Dataset items
◆ ◆ ◆

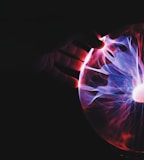 human hand holding plasma ball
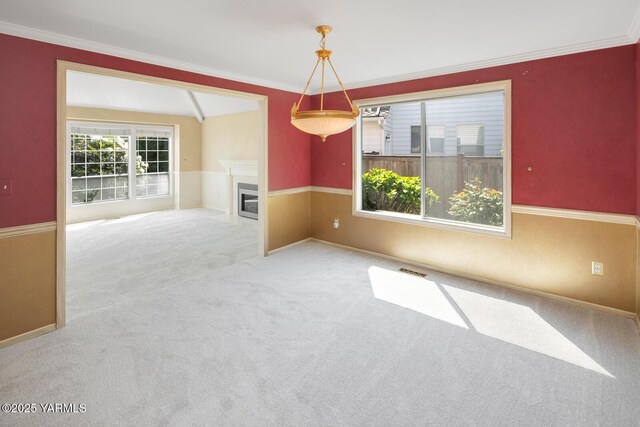 23812 21st Dr Unit Se, Bothell, WA 98021 - empty room featuring a glass covered fireplace, carpet floors, crown molding, and visible vents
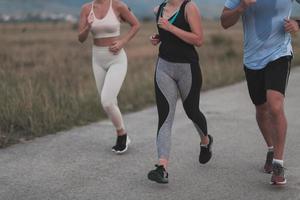drei multiethnische läuferinnengruppen tragen gesichtsmasken und halten soziale distanz im freien. fit gesund vielfältige team tragen sportbekleidung joggen im park auf der natursportstrecke sicherheitsabstand. foto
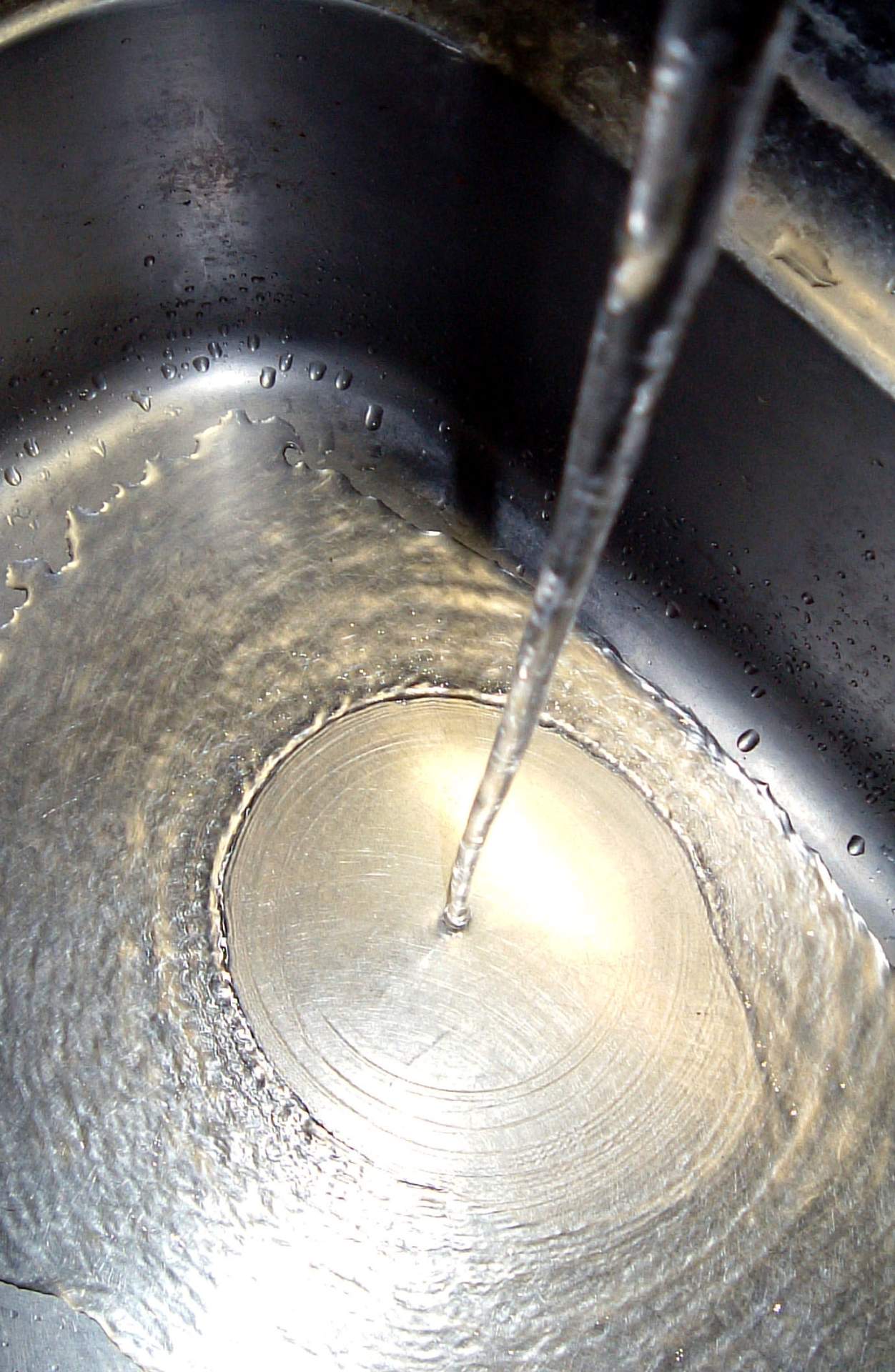 Abb. 3: Schiessende Strömung und der sie kreisförmig umgebende hydraulische Sprung in einem Waschbecken; Quelle: Wikipedia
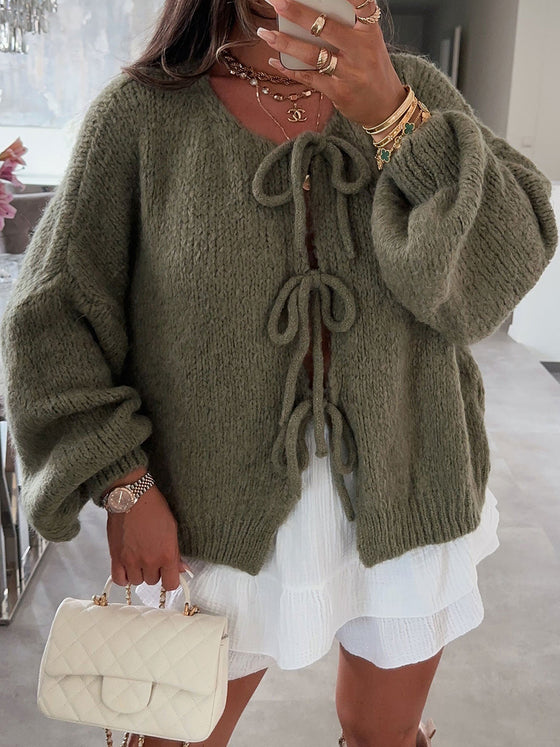 Woman wearing the cardigan in a cozy indoor setting, showcasing the tie closures and soft knit fabric.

◆ ◆ ◆

• **Exercise details**
Nothing but an exact copy is asked for: the lines from the start of the records through the line with "23812 21st Dr", both ends included, minus any pictures.

• **Expected answer**
 human hand holding plasma ball
 23812 21st Dr Unit Se, Bothell, WA 98021 - empty room featuring a glass covered fireplace, carpet floors, crown molding, and visible vents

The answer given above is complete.